当有很多参数时，很容易混淆正确的顺序。我们可以通过名字引用参数，甚至可以给它们分配默认值以供调用程序没有提供该参数时使用。现在参数可以按任意顺序指定，也可以省略。

>>> def repeat(msg='<empty>', num=1):
...     return msg * num
>>> repeat(num=3)
'<empty><empty><empty>'
>>> repeat(msg='Alice')
'Alice'
>>> repeat(num=5, msg='Alice')
'AliceAliceAliceAliceAlice'

这些被称为关键字参数。如果我们混合使用这两种参数，就必须确保未命名的参数在命名的参数前面。必须是这样，因为未命名参数是根据位置来定义的。我们可以定义一个函数，接受任意数量的未命名和命名参数，并通过一个就地的参数列表*args和一个就地的关键字参数字典**kwargs来访问它们。（字典将在3中讲述。）

>>> def generic(*args, **kwargs):
...     print(args)
...     print(kwargs)
...
>>> generic(1, "African swallow", monty="python")
(1, 'African swallow')
{'monty': 'python'}

当*args作为函数参数时，它实际上对应函数所有的未命名参数。下面是另一个这方面的 Python 语法的演示，处理可变数目的参数的函数zip()。我们将使用变量名*song来表示名字*args并没有什么特别的。

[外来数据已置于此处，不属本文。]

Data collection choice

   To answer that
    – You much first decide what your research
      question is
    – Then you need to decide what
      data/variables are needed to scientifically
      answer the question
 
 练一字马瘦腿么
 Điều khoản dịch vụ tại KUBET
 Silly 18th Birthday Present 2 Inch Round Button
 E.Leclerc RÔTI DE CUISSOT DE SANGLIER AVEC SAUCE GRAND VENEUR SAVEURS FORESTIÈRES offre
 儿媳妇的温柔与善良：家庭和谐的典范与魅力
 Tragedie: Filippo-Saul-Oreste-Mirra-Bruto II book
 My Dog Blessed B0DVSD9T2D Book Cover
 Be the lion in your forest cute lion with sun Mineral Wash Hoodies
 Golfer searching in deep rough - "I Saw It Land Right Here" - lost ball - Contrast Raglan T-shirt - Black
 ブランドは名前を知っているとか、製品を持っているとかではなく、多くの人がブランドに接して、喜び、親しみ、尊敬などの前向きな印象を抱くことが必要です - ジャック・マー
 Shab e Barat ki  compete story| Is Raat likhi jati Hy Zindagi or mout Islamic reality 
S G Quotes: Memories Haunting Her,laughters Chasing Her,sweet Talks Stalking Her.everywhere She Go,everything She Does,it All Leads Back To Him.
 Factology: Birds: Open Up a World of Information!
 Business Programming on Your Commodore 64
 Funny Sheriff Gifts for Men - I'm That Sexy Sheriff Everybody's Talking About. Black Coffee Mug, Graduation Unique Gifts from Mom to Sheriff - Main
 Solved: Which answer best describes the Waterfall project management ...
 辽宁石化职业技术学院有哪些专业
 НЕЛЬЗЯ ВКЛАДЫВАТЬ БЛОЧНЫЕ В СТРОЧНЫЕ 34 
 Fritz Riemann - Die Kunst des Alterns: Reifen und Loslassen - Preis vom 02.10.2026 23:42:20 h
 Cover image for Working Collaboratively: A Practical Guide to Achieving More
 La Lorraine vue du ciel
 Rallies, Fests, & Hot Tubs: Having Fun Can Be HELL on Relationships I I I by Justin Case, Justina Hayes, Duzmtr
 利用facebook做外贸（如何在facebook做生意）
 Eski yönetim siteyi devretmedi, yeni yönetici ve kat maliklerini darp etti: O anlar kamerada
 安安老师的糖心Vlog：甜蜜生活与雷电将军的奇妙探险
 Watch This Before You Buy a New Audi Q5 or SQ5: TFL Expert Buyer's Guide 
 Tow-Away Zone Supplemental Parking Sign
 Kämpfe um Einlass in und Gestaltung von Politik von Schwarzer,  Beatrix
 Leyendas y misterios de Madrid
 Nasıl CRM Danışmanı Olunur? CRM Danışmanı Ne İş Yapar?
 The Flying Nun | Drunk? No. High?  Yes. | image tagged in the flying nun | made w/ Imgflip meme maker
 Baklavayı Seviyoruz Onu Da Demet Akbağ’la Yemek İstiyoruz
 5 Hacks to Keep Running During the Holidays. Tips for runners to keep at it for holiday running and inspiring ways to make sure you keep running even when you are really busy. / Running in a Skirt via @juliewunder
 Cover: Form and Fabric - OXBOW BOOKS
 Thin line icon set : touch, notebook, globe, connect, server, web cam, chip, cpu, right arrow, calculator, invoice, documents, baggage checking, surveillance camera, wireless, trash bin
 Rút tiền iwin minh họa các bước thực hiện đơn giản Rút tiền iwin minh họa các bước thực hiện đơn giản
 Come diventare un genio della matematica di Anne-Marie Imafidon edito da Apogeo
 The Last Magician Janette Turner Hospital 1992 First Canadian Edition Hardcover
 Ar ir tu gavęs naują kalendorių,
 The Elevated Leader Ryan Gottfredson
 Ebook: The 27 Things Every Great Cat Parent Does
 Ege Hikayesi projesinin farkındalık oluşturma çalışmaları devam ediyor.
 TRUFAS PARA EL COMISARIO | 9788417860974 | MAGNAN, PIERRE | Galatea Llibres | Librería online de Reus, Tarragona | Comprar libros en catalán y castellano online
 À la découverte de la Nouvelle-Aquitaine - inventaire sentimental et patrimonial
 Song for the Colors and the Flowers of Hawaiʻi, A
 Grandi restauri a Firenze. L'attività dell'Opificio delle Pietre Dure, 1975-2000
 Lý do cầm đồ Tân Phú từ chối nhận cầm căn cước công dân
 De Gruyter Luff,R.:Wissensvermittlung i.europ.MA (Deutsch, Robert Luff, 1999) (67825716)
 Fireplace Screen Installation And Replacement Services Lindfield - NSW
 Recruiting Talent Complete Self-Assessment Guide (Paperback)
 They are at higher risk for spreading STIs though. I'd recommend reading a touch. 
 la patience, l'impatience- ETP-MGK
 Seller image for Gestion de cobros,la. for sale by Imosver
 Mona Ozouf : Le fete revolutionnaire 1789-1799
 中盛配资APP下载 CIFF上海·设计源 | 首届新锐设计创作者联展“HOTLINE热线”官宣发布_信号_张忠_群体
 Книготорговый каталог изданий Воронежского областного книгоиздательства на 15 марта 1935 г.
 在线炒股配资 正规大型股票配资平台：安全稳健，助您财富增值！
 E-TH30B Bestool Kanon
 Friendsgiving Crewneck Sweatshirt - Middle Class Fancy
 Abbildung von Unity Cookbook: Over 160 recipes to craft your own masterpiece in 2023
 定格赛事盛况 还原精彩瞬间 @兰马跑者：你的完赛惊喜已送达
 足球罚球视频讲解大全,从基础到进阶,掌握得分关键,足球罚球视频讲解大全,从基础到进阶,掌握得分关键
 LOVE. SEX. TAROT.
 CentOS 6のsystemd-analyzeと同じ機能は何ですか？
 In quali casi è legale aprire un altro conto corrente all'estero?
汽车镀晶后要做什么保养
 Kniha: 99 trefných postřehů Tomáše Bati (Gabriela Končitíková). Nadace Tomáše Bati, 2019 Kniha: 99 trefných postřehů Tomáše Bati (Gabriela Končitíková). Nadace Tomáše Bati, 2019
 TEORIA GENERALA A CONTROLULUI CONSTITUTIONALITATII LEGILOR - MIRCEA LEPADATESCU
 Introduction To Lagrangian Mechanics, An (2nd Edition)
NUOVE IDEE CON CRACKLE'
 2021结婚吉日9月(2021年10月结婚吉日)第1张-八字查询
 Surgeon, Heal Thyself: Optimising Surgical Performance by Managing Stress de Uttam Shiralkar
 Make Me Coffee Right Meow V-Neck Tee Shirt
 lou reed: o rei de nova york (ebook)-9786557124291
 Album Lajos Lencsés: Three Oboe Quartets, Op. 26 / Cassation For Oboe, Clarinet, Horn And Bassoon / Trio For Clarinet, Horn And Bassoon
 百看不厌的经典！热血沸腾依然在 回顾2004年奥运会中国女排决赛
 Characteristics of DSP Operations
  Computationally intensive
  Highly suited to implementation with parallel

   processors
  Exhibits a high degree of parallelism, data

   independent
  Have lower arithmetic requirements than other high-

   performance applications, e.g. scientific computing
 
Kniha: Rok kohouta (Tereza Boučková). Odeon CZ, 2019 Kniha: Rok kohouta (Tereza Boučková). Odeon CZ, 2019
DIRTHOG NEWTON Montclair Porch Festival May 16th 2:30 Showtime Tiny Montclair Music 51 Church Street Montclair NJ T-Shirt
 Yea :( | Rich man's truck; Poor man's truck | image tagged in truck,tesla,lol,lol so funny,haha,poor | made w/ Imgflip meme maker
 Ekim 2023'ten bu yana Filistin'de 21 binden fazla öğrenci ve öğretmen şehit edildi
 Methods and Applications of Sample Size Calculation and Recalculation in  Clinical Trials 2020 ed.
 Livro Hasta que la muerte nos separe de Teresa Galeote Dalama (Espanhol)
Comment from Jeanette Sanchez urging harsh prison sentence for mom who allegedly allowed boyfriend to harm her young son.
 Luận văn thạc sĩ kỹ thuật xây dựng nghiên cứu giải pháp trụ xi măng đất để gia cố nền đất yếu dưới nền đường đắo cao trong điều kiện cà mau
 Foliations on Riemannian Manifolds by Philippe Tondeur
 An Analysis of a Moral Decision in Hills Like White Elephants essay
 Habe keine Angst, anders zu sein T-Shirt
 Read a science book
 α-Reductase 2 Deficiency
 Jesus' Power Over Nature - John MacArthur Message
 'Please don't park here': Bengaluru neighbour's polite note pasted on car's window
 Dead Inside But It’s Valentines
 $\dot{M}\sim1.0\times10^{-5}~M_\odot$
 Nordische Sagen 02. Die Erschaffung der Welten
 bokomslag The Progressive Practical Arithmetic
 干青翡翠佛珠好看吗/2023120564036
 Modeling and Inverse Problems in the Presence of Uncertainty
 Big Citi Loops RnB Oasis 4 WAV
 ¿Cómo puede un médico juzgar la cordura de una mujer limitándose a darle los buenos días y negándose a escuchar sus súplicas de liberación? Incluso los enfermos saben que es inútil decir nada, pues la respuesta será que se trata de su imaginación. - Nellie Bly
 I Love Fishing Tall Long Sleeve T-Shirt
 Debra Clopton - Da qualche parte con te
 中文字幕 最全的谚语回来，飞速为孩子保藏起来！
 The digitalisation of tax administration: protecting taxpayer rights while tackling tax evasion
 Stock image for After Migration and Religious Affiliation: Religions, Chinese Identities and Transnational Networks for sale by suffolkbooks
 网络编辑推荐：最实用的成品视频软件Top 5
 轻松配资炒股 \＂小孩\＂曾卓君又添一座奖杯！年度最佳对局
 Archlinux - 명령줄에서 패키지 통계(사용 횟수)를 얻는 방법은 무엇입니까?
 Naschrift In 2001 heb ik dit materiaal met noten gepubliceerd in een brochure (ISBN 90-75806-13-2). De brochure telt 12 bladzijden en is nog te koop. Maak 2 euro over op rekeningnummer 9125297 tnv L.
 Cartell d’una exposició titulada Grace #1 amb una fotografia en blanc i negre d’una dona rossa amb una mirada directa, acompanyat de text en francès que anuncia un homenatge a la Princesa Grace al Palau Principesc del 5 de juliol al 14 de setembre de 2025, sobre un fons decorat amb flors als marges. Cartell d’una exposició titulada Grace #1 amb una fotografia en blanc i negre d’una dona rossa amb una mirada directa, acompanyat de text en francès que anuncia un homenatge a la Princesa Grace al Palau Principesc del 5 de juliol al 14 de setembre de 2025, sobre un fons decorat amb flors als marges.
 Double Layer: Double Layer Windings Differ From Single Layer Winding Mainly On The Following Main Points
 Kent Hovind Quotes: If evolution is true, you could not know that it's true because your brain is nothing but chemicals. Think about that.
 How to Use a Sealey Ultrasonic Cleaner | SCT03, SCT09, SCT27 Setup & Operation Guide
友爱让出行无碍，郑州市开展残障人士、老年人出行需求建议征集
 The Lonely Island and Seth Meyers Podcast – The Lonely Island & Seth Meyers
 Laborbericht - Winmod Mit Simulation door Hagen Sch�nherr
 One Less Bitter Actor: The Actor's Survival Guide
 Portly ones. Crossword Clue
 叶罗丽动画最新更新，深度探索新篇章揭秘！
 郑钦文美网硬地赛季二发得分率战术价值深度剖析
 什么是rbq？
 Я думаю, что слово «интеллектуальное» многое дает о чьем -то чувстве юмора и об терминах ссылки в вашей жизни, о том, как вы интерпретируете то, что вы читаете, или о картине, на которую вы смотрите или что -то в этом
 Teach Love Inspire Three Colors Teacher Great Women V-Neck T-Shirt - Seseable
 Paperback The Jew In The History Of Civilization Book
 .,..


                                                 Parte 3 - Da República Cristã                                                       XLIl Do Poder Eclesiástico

>>> song = [['four', 'calling', 'birds'],
...         ['three', 'French', 'hens'],
...         ['two', 'turtle', 'doves']]
>>> list(zip(song[0], song[1], song[2]))
[('four', 'three', 'two'), ('calling', 'French', 'turtle'), ('birds', 'hens', 'doves')]
>>> list(zip(*song))
[('four', 'three', 'two'), ('calling', 'French', 'turtle'), ('birds', 'hens', 'doves')]

应该从这个例子中明白输入*song仅仅是一个方便的记号，相当于输入了song[0], song[1], song[2]。

下面是另一个在函数的定义中使用关键字参数的例子，有三种等效的方法来调用这个函数：

>>> def freq_words(file, min=1, num=10):
...     text = open(file).read()
...     tokens = word_tokenize(text)
...     freqdist = nltk.FreqDist(t for t in tokens if len(t) >= min)
...     return freqdist.most_common(num)
>>> fw = freq_words('ch01.rst', 4, 10)
>>> fw = freq_words('ch01.rst', min=4, num=10)
>>> fw = freq_words('ch01.rst', num=10, min=4)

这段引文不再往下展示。